Shiro Suita. This stratum is the home of Habutae or ‘Rice Cake’ Suita. These are stupid rare stones. Shiro Suita, in general, are close to being unobtanium – but the purest white stone from that stratum, the examples with that silky pattern running through it is about as close to unicorn tears as one can get. People will stretch the description a bit, and they might refer to a less than perfect example as rice cake if the stone is predominantly figured and colored that way. The legitimacy of this is highly questionable, and entirely understood. The unavailability of these stones forces the scenario into our reality. In use, Shiro Suita, including the non-existent Habutae, are usually quite wonderful across the board. The all-white stone does not hide any swarf, it is unforgiving when letting you know how much refinement is going on, and where you are at in your sharpening process. I’ve only touched a few samples of true Shiro Suita, and they have all been a bit harder than average, and ridiculously consistent in particle size and performance. I’ve not seen a single Shiro Suita with sandy inclusion, or problematic distractions. Again – those stones may in fact be out there but I have not come across one. 

In use 

For honing razors, Suita are not honey darlings in the same way that they are for traditional woodworkers or cutlery sharpeners. While some examples are hard enough to bring the edge to an acceptable level of refinement, most are too soft and they become relegated to a mid-range or pre-finish position. Many razor guys find, erroneously so, that mid-range step to be superfluous and they overlook these stones. In my own honing regimens, I find that adding and extended deep-level Nakato technique to the progression to be beneficial for the resulting edge’s comfort level and longevity. While I can’t prove that scientifically, I don’t think it’s entirely necessary to do so. What works for me, works period. What others think about it is irrelevant. 

When sharpening cutlery, Suita are an essential stone in any progression. I don’t have high-end Japanese knives in my kitchen right now, most pieces are either vintage French carbon steel or modern Solingen stainless with a few older USA carbon steel pieces thrown in for good measure. I like to keep my edges going on a slightly harder Hon Suita, and occasionally I’ll dig into the geometry a bit deeper on a softer Tenjyou Suita if I have one available. I find Suita to have an advantage over softer offerings from, say – Tomae, Akapin or even Aoto. All of which have their place and time, but none can replace the strength and presence of Suita here. The differences between using any of them might, at times, be marginal – but other times quite notable. When working with a very vintage Thiers, I seem to get nowhere on anything from Tomae or Akapin but the second I get onto a muddy Oohira Tenjyou Suita I’m cutting wonderfully. Many users report similar experiences, so I know it’s not just that particular blade or me.

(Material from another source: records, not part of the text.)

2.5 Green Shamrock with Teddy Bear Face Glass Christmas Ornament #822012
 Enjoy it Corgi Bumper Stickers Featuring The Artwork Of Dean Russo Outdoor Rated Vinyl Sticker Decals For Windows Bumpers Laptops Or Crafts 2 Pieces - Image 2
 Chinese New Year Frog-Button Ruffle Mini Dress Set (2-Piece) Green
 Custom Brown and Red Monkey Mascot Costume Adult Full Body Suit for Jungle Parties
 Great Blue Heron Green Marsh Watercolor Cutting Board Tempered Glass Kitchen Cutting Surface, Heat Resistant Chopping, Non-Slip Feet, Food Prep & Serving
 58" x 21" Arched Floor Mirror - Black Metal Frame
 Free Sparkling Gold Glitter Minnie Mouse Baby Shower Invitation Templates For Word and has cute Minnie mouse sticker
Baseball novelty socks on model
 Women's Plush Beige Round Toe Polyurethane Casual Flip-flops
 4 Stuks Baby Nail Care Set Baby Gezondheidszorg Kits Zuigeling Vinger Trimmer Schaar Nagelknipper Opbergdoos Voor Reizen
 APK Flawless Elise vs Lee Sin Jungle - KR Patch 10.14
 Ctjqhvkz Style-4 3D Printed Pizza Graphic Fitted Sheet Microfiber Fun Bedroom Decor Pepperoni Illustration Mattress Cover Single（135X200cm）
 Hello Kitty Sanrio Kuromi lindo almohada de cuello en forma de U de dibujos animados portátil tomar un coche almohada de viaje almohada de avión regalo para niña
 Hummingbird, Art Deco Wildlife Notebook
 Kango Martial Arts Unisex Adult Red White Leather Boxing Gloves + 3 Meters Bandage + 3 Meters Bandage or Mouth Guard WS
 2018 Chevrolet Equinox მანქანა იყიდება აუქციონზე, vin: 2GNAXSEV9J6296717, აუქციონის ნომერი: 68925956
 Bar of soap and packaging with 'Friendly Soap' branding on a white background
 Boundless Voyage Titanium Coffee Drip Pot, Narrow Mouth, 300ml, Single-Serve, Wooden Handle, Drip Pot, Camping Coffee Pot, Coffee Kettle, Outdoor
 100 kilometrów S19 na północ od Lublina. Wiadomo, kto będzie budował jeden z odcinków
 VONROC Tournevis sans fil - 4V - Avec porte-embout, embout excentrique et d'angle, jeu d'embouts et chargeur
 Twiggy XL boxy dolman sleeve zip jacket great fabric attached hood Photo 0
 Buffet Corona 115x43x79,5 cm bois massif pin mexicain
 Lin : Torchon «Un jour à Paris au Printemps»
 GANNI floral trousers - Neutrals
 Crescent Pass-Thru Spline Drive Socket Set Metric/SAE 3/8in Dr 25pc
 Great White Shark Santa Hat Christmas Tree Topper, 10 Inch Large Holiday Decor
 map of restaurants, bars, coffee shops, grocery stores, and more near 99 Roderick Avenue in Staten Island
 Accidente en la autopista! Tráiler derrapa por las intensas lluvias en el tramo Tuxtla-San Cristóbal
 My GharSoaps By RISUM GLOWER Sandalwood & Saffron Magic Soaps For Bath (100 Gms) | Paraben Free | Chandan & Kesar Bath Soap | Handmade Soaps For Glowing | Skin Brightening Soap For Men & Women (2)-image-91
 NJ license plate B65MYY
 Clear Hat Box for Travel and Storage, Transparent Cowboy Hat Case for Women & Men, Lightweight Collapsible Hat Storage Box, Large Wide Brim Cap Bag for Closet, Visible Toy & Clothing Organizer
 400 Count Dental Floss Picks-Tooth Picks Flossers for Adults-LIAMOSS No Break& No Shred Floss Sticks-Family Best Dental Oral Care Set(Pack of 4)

For the guys chasing kasumi finishes on high-end Japanese blades, I don’t have much to offer in the way of experience. However, I do know for a fact that the ground work is always essential to the final outcome. Harder steels need a stone that can really cut while leaving a gorgeous haze on the steel, and Suita fit the bill nicely there. As for the subtleties of that finishing style, and the varying degrees and types of haze, I feel that any choices are made on a case-by-case basis, and entirely dependent upon which final-finish finger stones are employed to create the contrasting reflectivity in the different steels.